The grants were approved at a virtual meeting of the community council on Monday night.
Edward Thomason and Taing Support Services applied for £3,000 go to towards a Tovertafel projector system.
The interactive system projects from the ceiling downwards onto surfaces and is often used by people with dementia.
It is said to stimulate both physical and cognitive activity and encourage social interaction.
Community council member Stewart Hay said any piece of machinery which could enhance residents’ experience during the coronavirus pandemic should be welcomed.
He said the current period is “really restrictive and they are not out of the woods yet”.
The community council agreed to cover half of the request through its remaining Covid-19 grant money, and deal with the other half through its usual funds.
The Mareel Writers group, which first met last year, was also given £1,400 from the Covid-19 fund to support a new online project called Lerwick Lockdown.
It will take the form of a series of monologues, poems and conversations among characters living in Lerwick and experiencing lockdown.
It would culminate in a piece of work lasting 30-40 minutes, complete with soundscapes and music, which could be streamed live.
The characters would be performed by members of the Islesburgh Drama Group, while it is hoped it could give a platform for local dialect.
Hay said the project could provide a way of recording the views of people during the lockdown.
“It’s a way of bringing people together,” he added.
Karen Fraser added: “I think it’s going to be quite an important piece of work to remember these times.”
A funding request for £1,000 from the Shetland Seafarers Association for a memorial which would be installed in front of the Shetland Museum and Archives in Lerwick was also approved.
The memorial would be for all Shetland seafarers, allowing people a chance to remember those who went to sea but never came back.
The memorial would cost around £14,000 in total and the association has raised around £8,400 so far.
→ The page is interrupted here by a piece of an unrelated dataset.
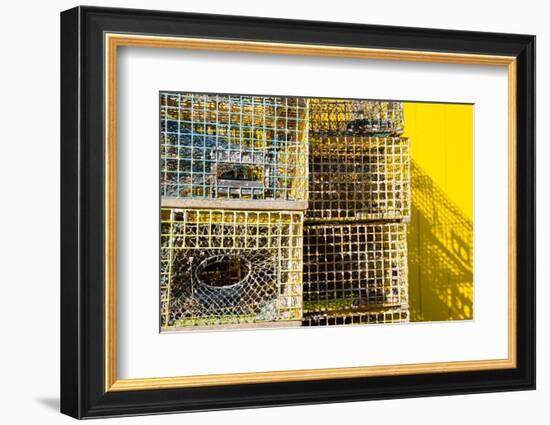 Coastal Trappings IV-Laura DeNardo-Framed Photographic Print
It has requested funding from all of Shetland’s community councils.
With the memorial based in Lerwick Fraser said she was happy to support it, with Gary Robinson adding that it was a “really worthwhile” project.
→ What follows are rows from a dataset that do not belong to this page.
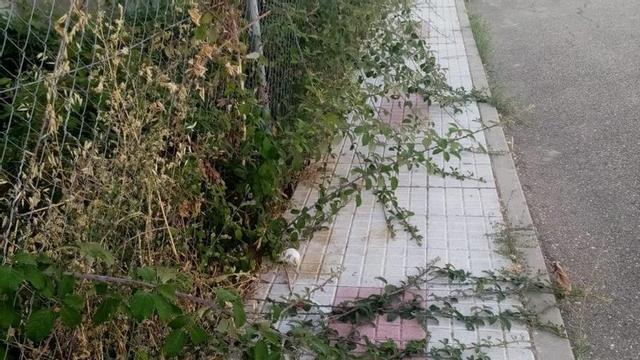 Estado de la calle en la zona denunciada por IU.  | E. P.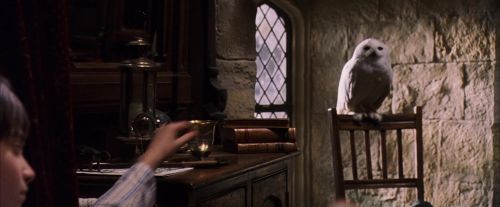 Click to view full size image
==============
PF-Potterish_07417.jpg PF-Potterish_07417.jpg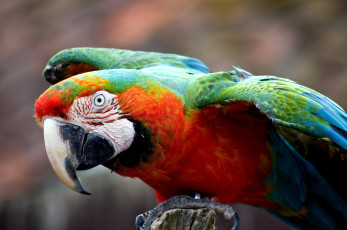 Картинка животные попугаи клюв разноцветный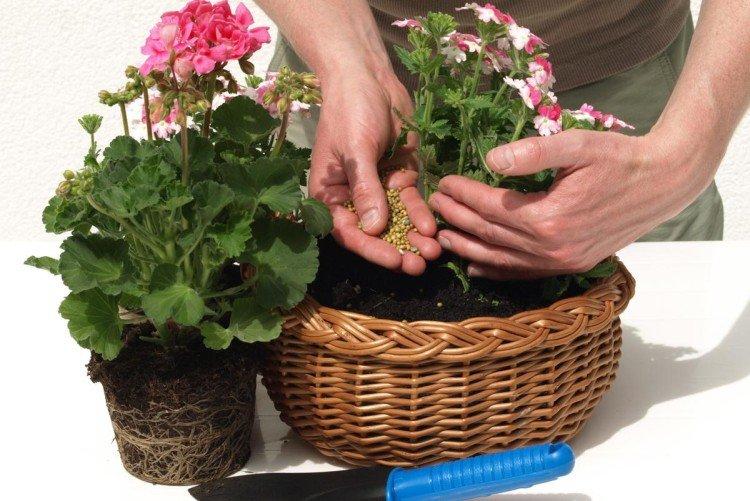 Fertilisation et alimentation - Soins à domicile du géranium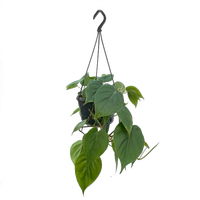 Philodendron scandens pot 15 cm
The Sound School Parent Council was also given £456.83 to help develop an outdoor area which would include an interactive garden for children.
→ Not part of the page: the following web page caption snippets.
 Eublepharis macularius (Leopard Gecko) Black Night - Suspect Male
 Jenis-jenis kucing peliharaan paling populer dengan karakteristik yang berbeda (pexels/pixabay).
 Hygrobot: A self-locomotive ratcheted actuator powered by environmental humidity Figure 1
Local restorative justice charity Space2face asked for nearly £2,000 to support the service going forward but the community council felt it was not in a position to fund a Shetland-wide project.
There was also discussion on whether the community council will hold its Loot for Lerwick participatory budgeting event this year in some form in light of coronavirus restrictions.
The event, usually held at the Islesburgh Community Centre, allows community groups to pitch for funding.
A decision is expected later this year, with one option being to hold some form of online event.
Hay suggested there could be an increased need for funding later in the year in light of the fall-out from Covid-19.
“The importance socially and economically will become clear and there might well be a role for us to play,” he said.
Robinson, who also chairs the NHS Shetland board, warned however that it is unclear how the pandemic will look like later in the year.
“We don’t want to be putting potentially vulnerable folk together to have face-to-face meetings,” he added.